As to your observations on Mental Health, youre barking up the wrong tree on that. I sit on the board of an organization that provides mental health services, including housing. Our country has gone thru the same cycle of closing sanatoriums and asylums as has the United States. Our experience has been that community-based solutions do actually work quite a bit better than the old way...
Except when the meat wagons come to pick up the frozen stiffs, right? Or when they die because of infection? Or murdered?
Feed the obese to the starving.
> Except when the meat wagons come to pick up the frozen stiffs, right? Or when they die because of infection? Or murdered?
Just doesn’t happen here.
“The poor will always be with you.” Help them, yes, but don’t fall into the delusion that it is a problem that can be solved once and for all.
“Just doesnt happen here.”
It happens here...plenty.
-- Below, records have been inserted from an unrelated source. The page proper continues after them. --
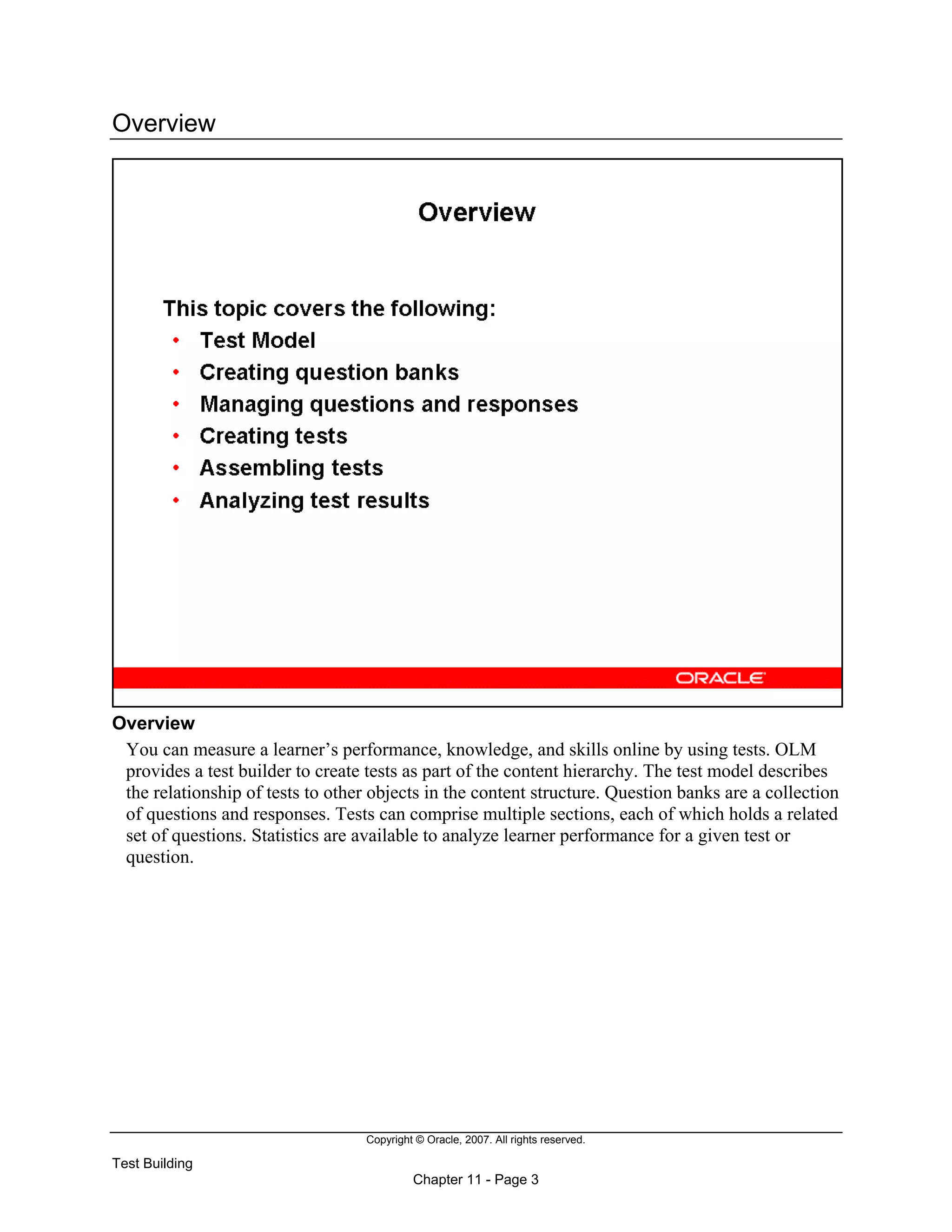 Copyright © Oracle, 2007. All rights reserved.
Test Building
Chapter 11 - Page 3
Overview
Overview
You can measure a learner’s performance, knowledge, and skills online by using tests. OLM
provides a test builder to create tests as part of the content hierarchy. The test model describes
the relationship of tests to other objects in the content structure. Question banks are a collection
of questions and responses. Tests can comprise multiple sections, each of which holds a related
set of questions. Statistics are available to analyze learner performance for a given test or
question.
 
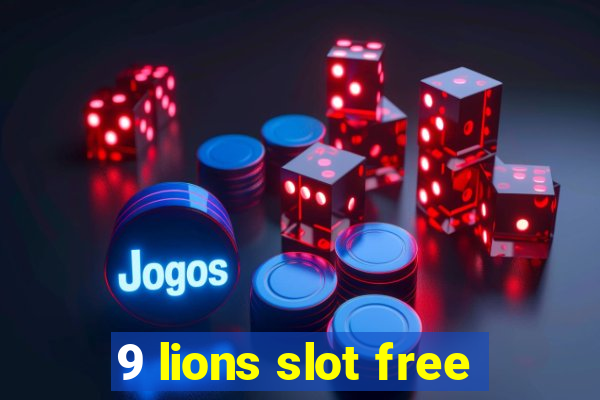 9 lions slot free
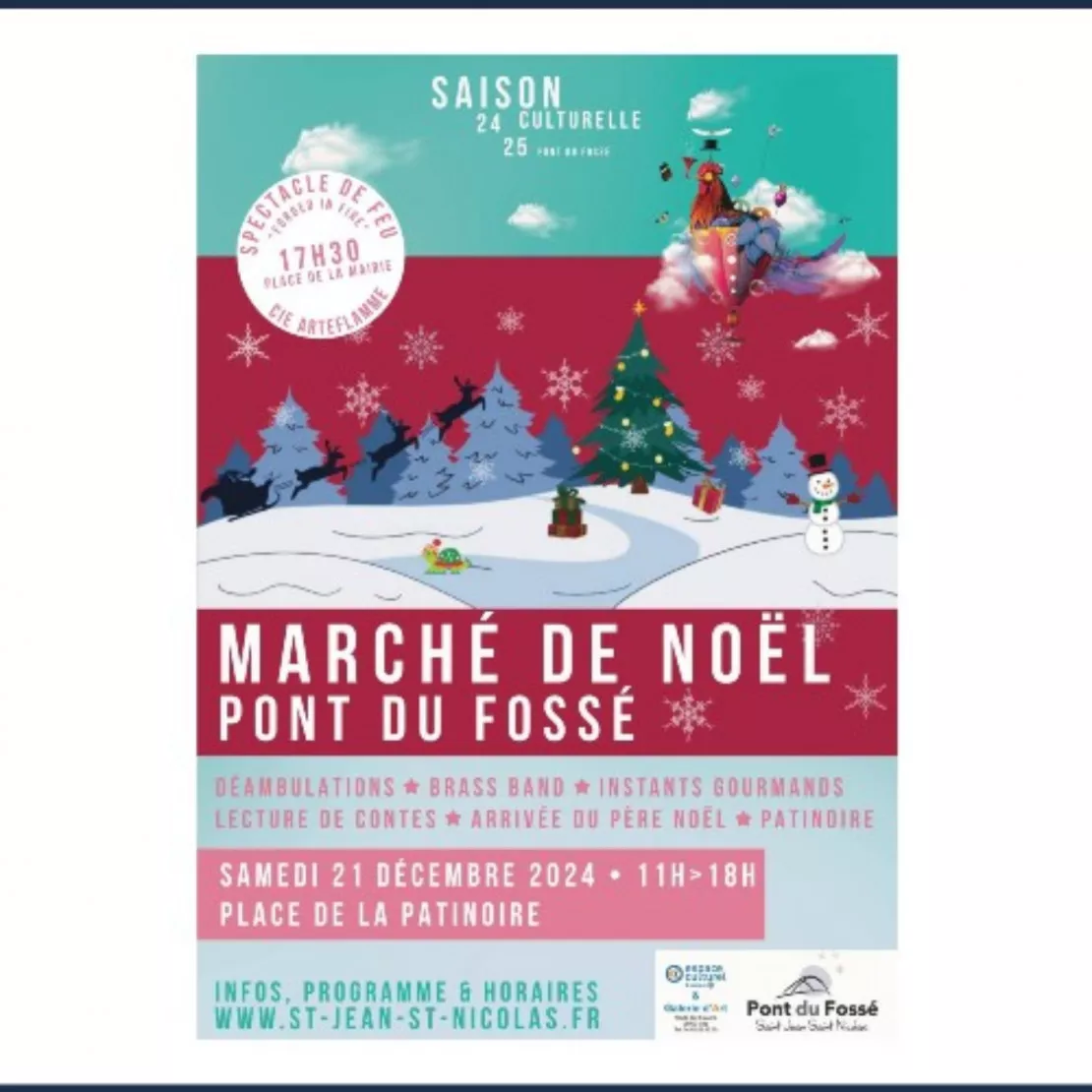 Près de chez vous...à Pont du Fossé pour le marché de Noel samedi 21 décembre 2024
I thought we were talking about what to do about the problem in the US? Thanks for the insight to what you do wherever you are, but it obviously isn’t here in the US....the needless deaths because of lack of routine medical care is staggering here. But we will continue to deny faith based initiatives and move to social programs that are underfunded...maybe enough will die so the problem doesn’t look as BIG? (that was sarcasm)...
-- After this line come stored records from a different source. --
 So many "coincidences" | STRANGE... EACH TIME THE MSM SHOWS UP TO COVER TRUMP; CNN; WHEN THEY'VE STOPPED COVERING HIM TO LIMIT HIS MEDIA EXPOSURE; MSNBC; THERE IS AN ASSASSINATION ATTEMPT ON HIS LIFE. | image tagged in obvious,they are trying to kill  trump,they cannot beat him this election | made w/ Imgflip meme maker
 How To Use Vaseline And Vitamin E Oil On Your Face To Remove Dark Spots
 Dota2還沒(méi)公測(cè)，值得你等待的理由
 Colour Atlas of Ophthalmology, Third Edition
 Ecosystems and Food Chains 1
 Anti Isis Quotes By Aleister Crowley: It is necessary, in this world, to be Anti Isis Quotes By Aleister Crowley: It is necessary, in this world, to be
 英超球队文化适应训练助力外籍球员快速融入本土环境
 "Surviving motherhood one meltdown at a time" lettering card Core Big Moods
Cook them down and use them as fuel oil. It solves two problems that way.
That's quite a cynical way of looking at things, and it fails to consider the fact that committing someone against their will, for anything more than a 72-hour psych watch, is nearly impossible in this country, due to the efforts of the ACLU and various other organizations.
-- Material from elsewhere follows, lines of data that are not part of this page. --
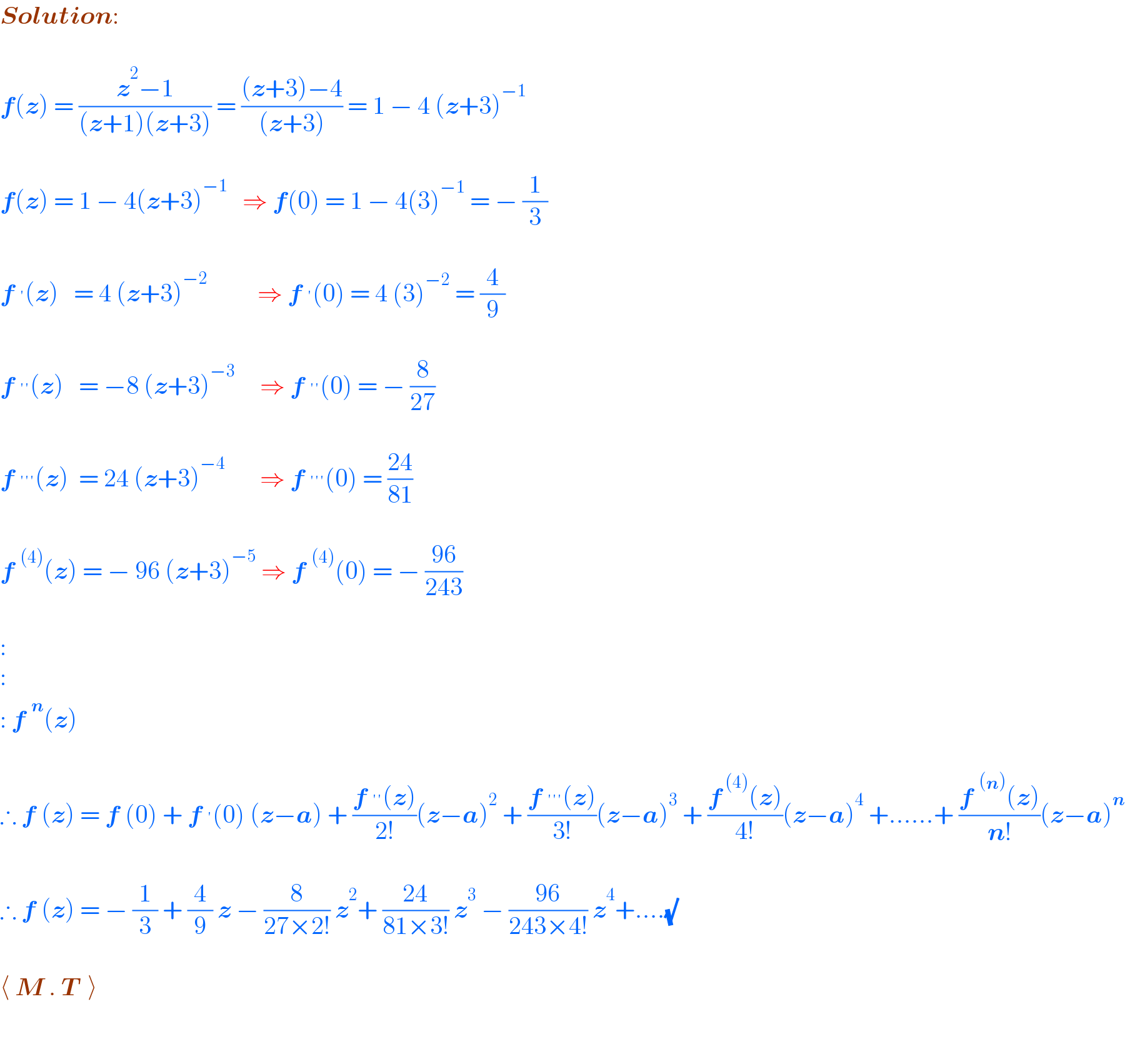 Solution:    f(z) = ((z^2 −1)/((z+1)(z+3))) = (((z+3)−4)/((z+3))) = 1 − 4 (z+3)^(−1)     f(z) = 1 − 4(z+3)^(−1)    ⇒ f(0) = 1 − 4(3)^(−1)  = − (1/3)    f^′ (z)   = 4 (z+3)^(−2)           ⇒ f^′ (0) = 4 (3)^(−2)  = (4/9)    f^(′′) (z)   = −8 (z+3)^(−3)      ⇒ f^(′′) (0) = − (8/(27))    f^(′′′) (z)  = 24 (z+3)^(−4)        ⇒ f^(′′′) (0) = ((24)/(81))    f^((4)) (z) = − 96 (z+3)^(−5)  ⇒ f^((4)) (0) = − ((96)/(243))     :  :  : f^n (z)     ∴ f (z) = f (0) + f^′ (0) (z−a) + ((f^(′′) (z))/(2!))(z−a)^2  + ((f^(′′′) (z))/(3!))(z−a)^3  + ((f^( (4)) (z))/(4!))(z−a)^4  +......+ ((f^((n)) (z))/(n!))(z−a)^n     ∴ f (z) = − (1/3) + (4/9) z − (8/(27×2!)) z^2 + ((24)/(81×3!)) z^3  − ((96)/(243×4!)) z^4 +....(√)    ⟨ M . T  ⟩    
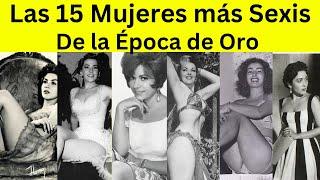 Las 15 actrices más sexis de la época de oro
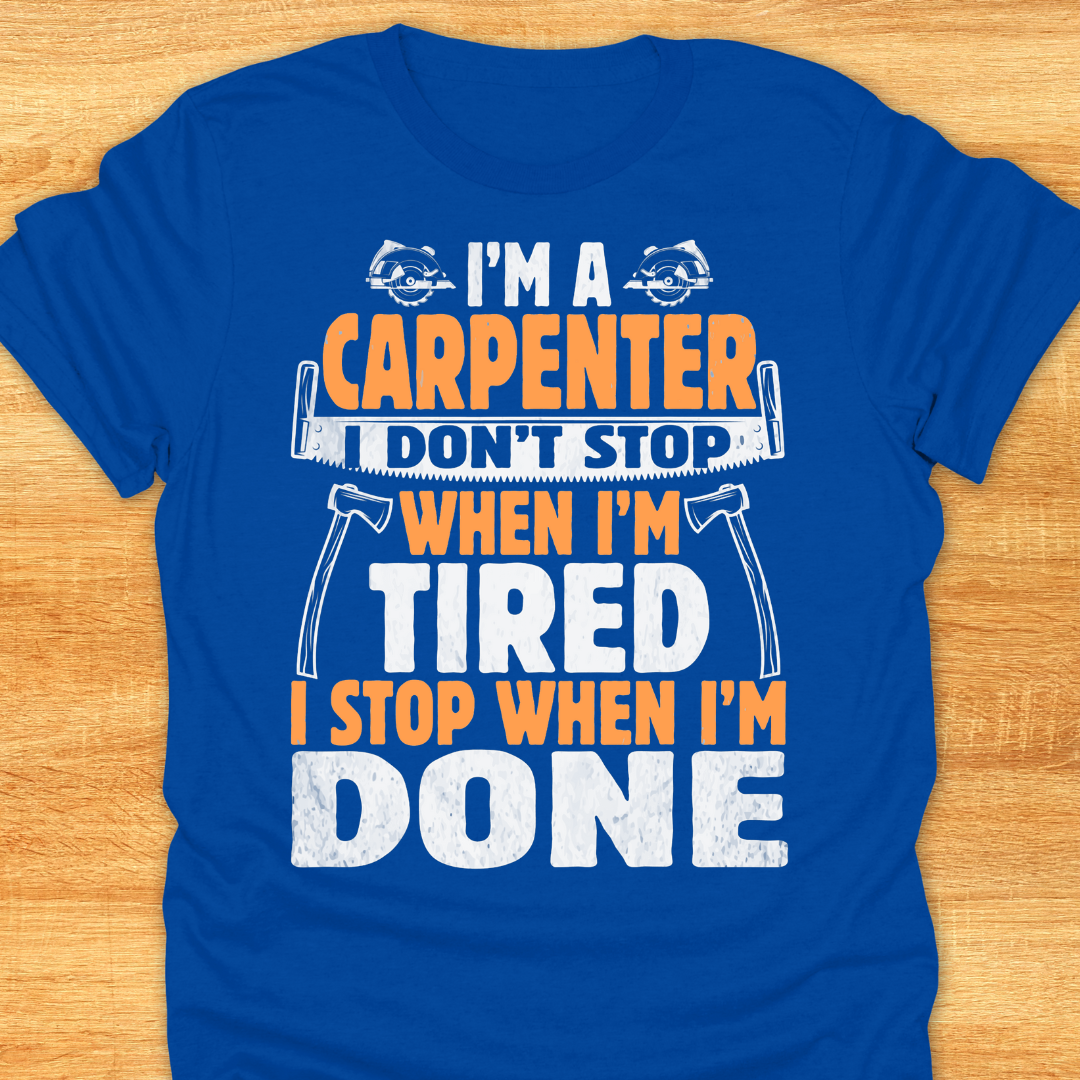 I'm A Carpenter I Don't Stop When I'm Tired, I Stop When I'm Done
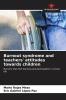 Burnout syndrome and teachers' attitudes towards children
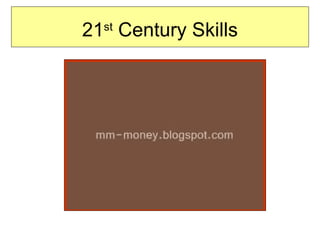 21 st  Century Skills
The homeless in this country, from what I have seen, nearly all mentally ill.
We have very few of the pleasant waifs you describe, or the relatively pleasant drunks that I saw nearly everywhere in the UK.
I suggest going the other way with that. I'm betting the obese can wolf down the starving like popcorn. How much of an obese guy could the starving guy eat in one sitting.
It's just a matter of numbers.
spiked park bench seats
Of course, in NZ, public agencies may be motivated by nothing more than pristine altruism, which would make it even more of a paradise than it appears.
Move a couple of hundred of them into the White House. Let’s see The King show some real compassion.
> It happens here...plenty. I thought we were talking about what to do about the problem in the US? Thanks for the insight to what you do wherever you are
I’ve mentioned I’m in New Zealand several times.
If what you say is happening in the United States is true then it is an outrage: excellent reason for the US to adopt a competently-designed socialized medical delivery system without delay. Capitalism is great — we all like capitalism — and so is Free Enterprise. However if the relentless pursuit of these ends produces this shameful outcome for your Society...
> But we will continue to deny faith based initiatives and move to social programs that are underfunded...maybe enough will die so the problem doesnt look as BIG? (that was sarcasm)...
Adequate funding really is the key, and IMO it is the reason why faith-based systems cannot succeed (unless of course they receive funding from the Government).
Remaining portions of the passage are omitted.